▶ **What you have to do**
Each line from the top of the listing through the one holding "Paper cut Musical" should be restated word for word, with nothing added and no pictures.

+ + + + +

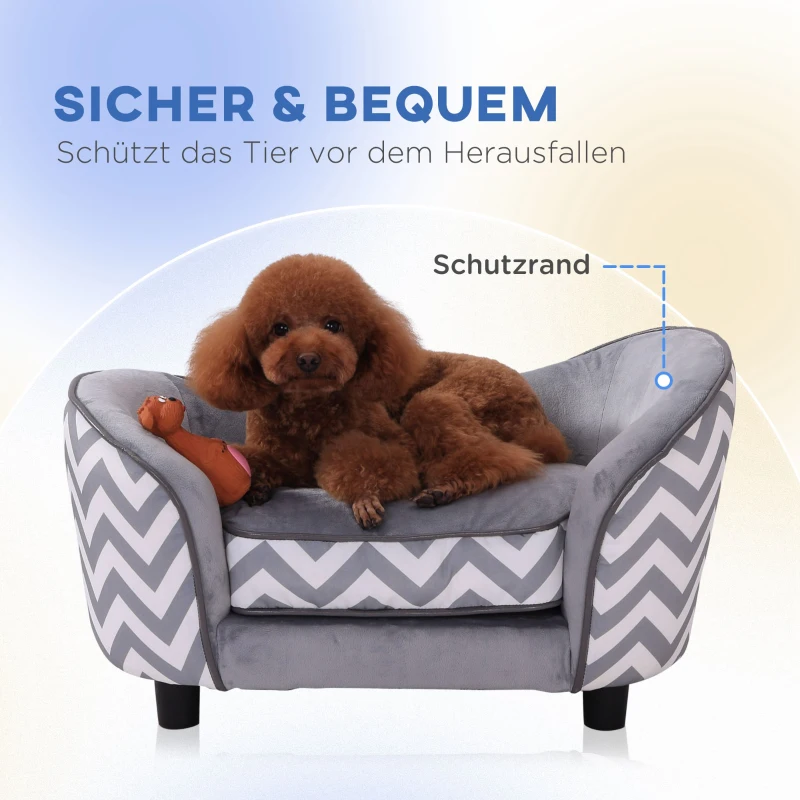 PawHut Haustiersofa Hundecouch Hundesofa Hundebett Hundematte Katze Kissen gepolstert Holz Schaumstoff Grau 68,5 x 40,5 x 40,5 cm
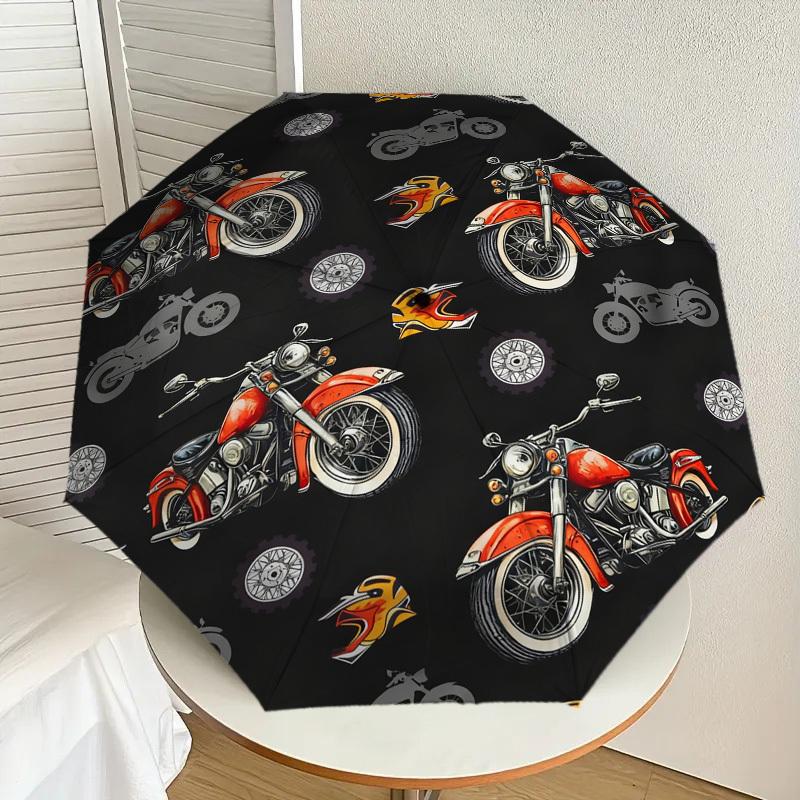 1 szt. Parasol z automatycznym otwieraniem i zamykaniem, Wzór Płomienie Motocyklowe, Wysokiej jakości Parasol Podróżny, c1128247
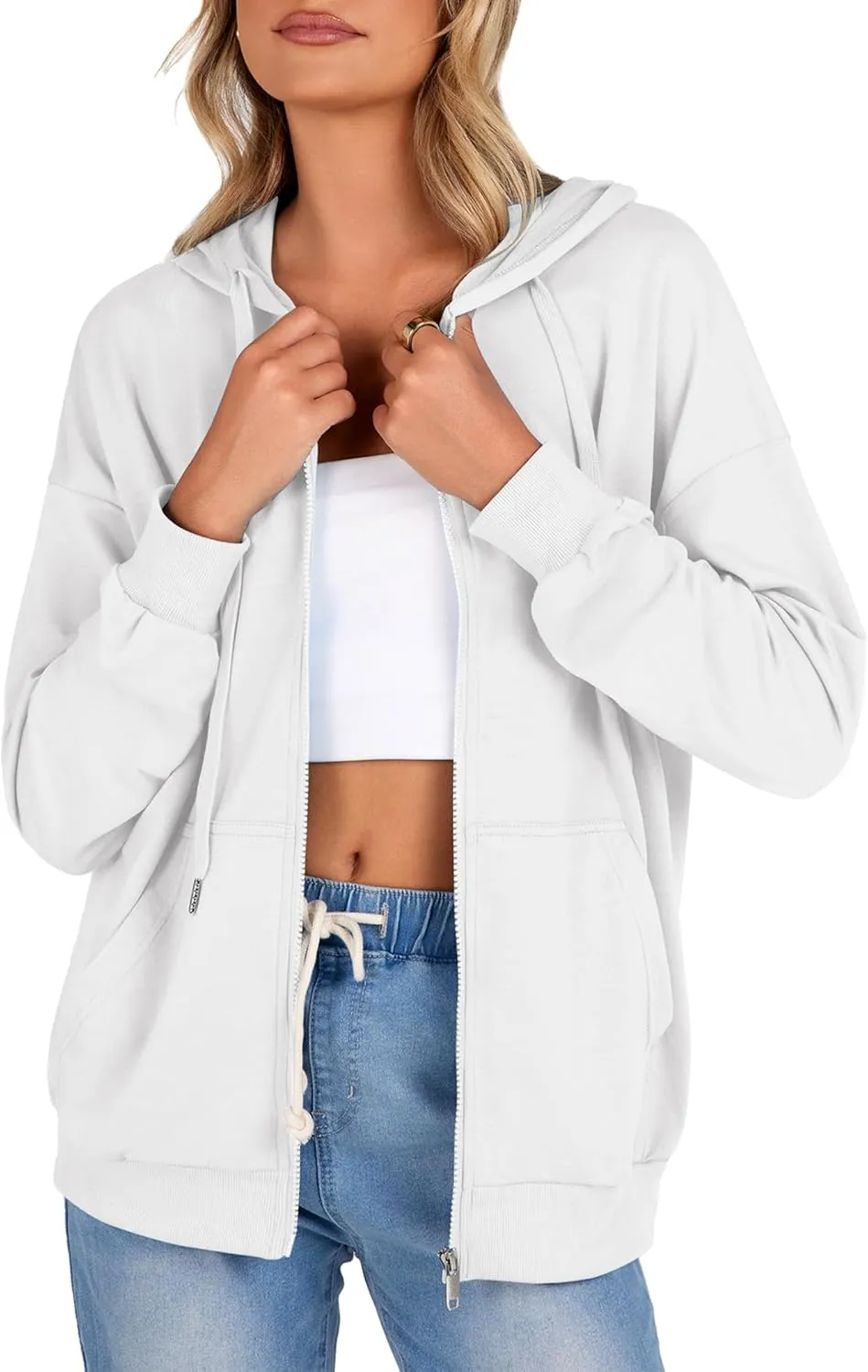 Zeagoo Women's Lightweight Hoodies Full Zip Up Oversized Sweatshirts with Pockets Long Sleeve Thin Casual Hooded Jackets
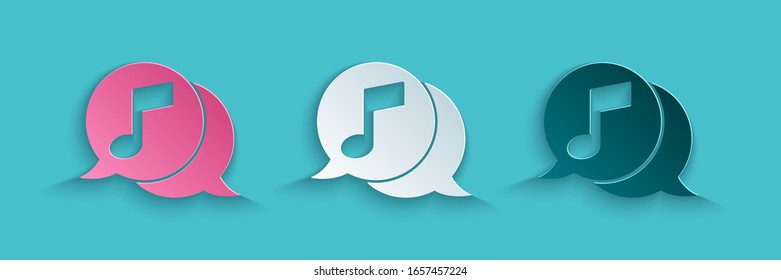 Paper cut Musical note in speech bubble icon isolated on blue background. Music and sound concept. Paper art style. Vector Illustration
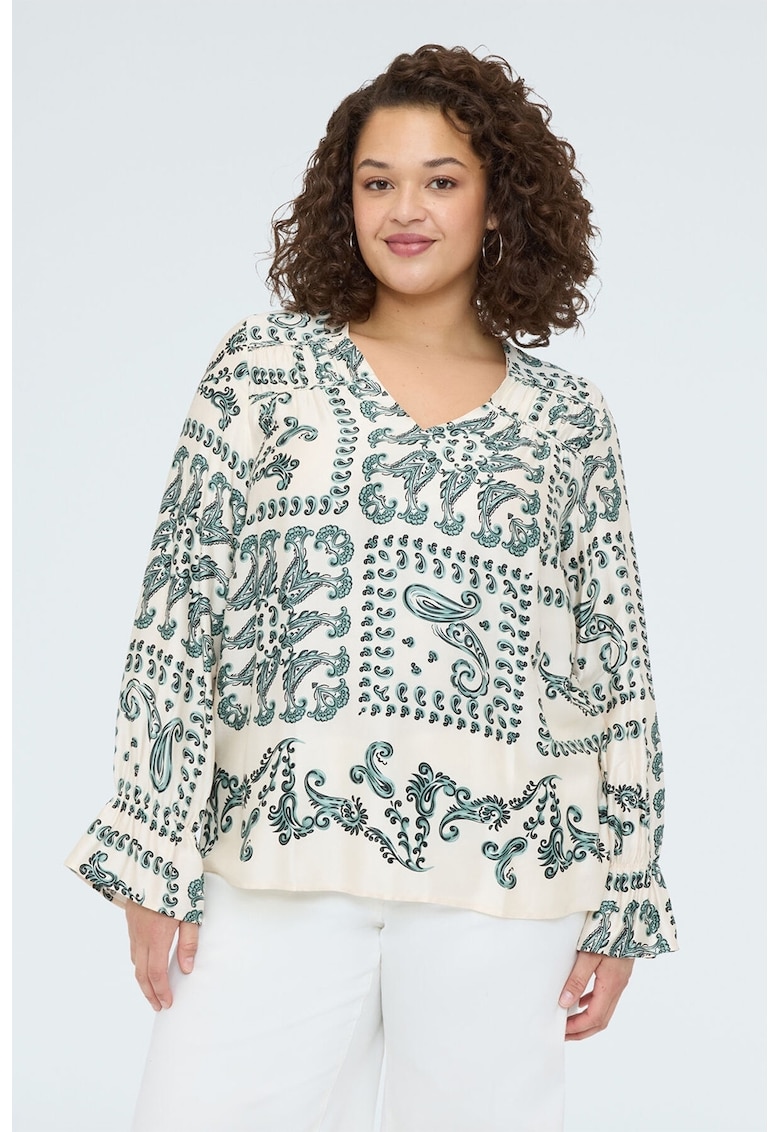 Bluza cu decolteu in V - Alb fildes/Verde pal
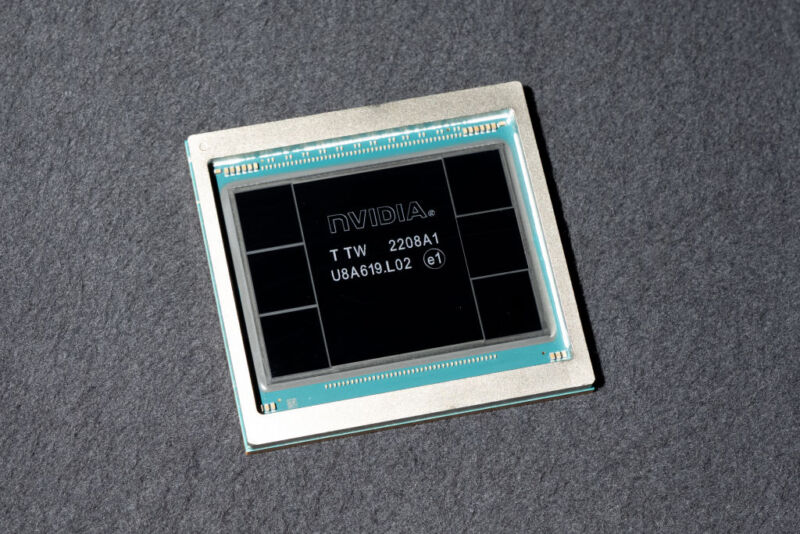 An Nvidia H100 graphics processor chip.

+ + + + +

▶ **Exercise response**
 PawHut Haustiersofa Hundecouch Hundesofa Hundebett Hundematte Katze Kissen gepolstert Holz Schaumstoff Grau 68,5 x 40,5 x 40,5 cm
 1 szt. Parasol z automatycznym otwieraniem i zamykaniem, Wzór Płomienie Motocyklowe, Wysokiej jakości Parasol Podróżny, c1128247
 Zeagoo Women's Lightweight Hoodies Full Zip Up Oversized Sweatshirts with Pockets Long Sleeve Thin Casual Hooded Jackets
 Paper cut Musical note in speech bubble icon isolated on blue background. Music and sound concept. Paper art style. Vector Illustration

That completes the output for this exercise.